3.2. . . SYSTEMATIC RISK ALLOCATION
  • Asset management has long been characterized as either “traditional” or “alternative.” The exploitation of systematic risks, previously the realm of hedge funds, has spawned part of an entirely new type of asset management vehicle referred to as “liquid alternatives.”
  • investors have realized that many alternative investments are capturing systematic opportunities that can be replicated at much lower cost and with considerably more liquidity.
3.3. . . INVESTMENT TAXONOMY AND LIQUID ALTERNATIVES
  • EXHIBIT 3.2. . . INVESTMENT TAXONOMY AND LIQUID ALTERNATIVES
    • Investment Taxonomy
      • Liquid
        • Traditional
          • Passive
          • Active
        • Alternative
          • Risk Parity
          • Smart Beta
            • Fundamental
            • Factor
            • Low Volatility
            • Equal Weight
            • Other
          • Risk Premia
            • Global Macro
            • Market Neutral
            • Equity Long /Short
            • Event Driven
            • Other
          • Active Currency
      • Illiquid
  • Risk parity portfolios are built on the premise that a portfolio should distribute risk exposures evenly across assets and commodities.
  • In practice, the market portfolio is not the objective of any risk parity portfolio. The more qualitative approach, pioneered by Ray Dalio at Bridgewater, distributes its risks in a manner that balances growth and inflation risks and is designed to perform well in all environments.
  • Risks are derived from historical data, and portfolios are rebalanced regularly.
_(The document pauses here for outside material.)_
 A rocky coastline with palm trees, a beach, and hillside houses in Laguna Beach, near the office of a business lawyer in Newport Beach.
  • Smart beta portfolios are rules-based strategies that effectively build indexes that are not market-cap weighted. These strategies are all thought to have risk and return characteristics that are superior to those of market-cap-based indexes. Some capture underlying compensated risk factors and others replicate systematic elements of hedge funds. Because systematic exposures can be replicated cheaply, smart beta has disrupted some hedge fund strategies at near-passive fee levels. In addition to being low fee, these strategies are liquid, transparent, and mechanically constructed on the basis of prespecified rule sets. They merely require ongoing rebalancing to maintain compliance with the rule set.
  • Smart beta strategies are rules based and, therefore, passive.
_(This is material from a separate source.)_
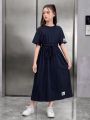 SHEIN Kids Nujoom Big Girls' Loose Vintage Check Pattern Drawstring Waist Bowknot Decorated Dark Blue Midi Dress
  • Risk premium strategies are total return (not necessarily market neutral) oriented and rely on active long–short investing in liquid securities or instruments. The nature of risk premium strategies effects transparency and relatively low fees.
3.4. . . HIDDEN DIVERSITY IN ACTIVE CURRENCY
  • Active currency, the primary objective of investors in active top-down capabilities is positive real returns without the downside of equities when markets experience a protracted downside.
  • The second valuable feature is diversification. Exchange rates have very low correlations with equities and bonds over time. Theoretically, their correlation is zero, because currencies do not have risk premiums and are not claims on underlying economic wealth generation.
  • Portfolios managed according to the intrinsic value discipline but with requisite shorter-term horizons should be composed of DAA for riding the tides and GTAA for navigating the waves.
3.5. . RISK MANAGEMENT
  • Liquid alternative strategies afford more precise and different risk exposures than previously available. As a result, the primary risk contribution of these strategies is diversification.
  • Downside limitation can come from higher expected returns for a specific risk level, reduced risk, or increased diversification.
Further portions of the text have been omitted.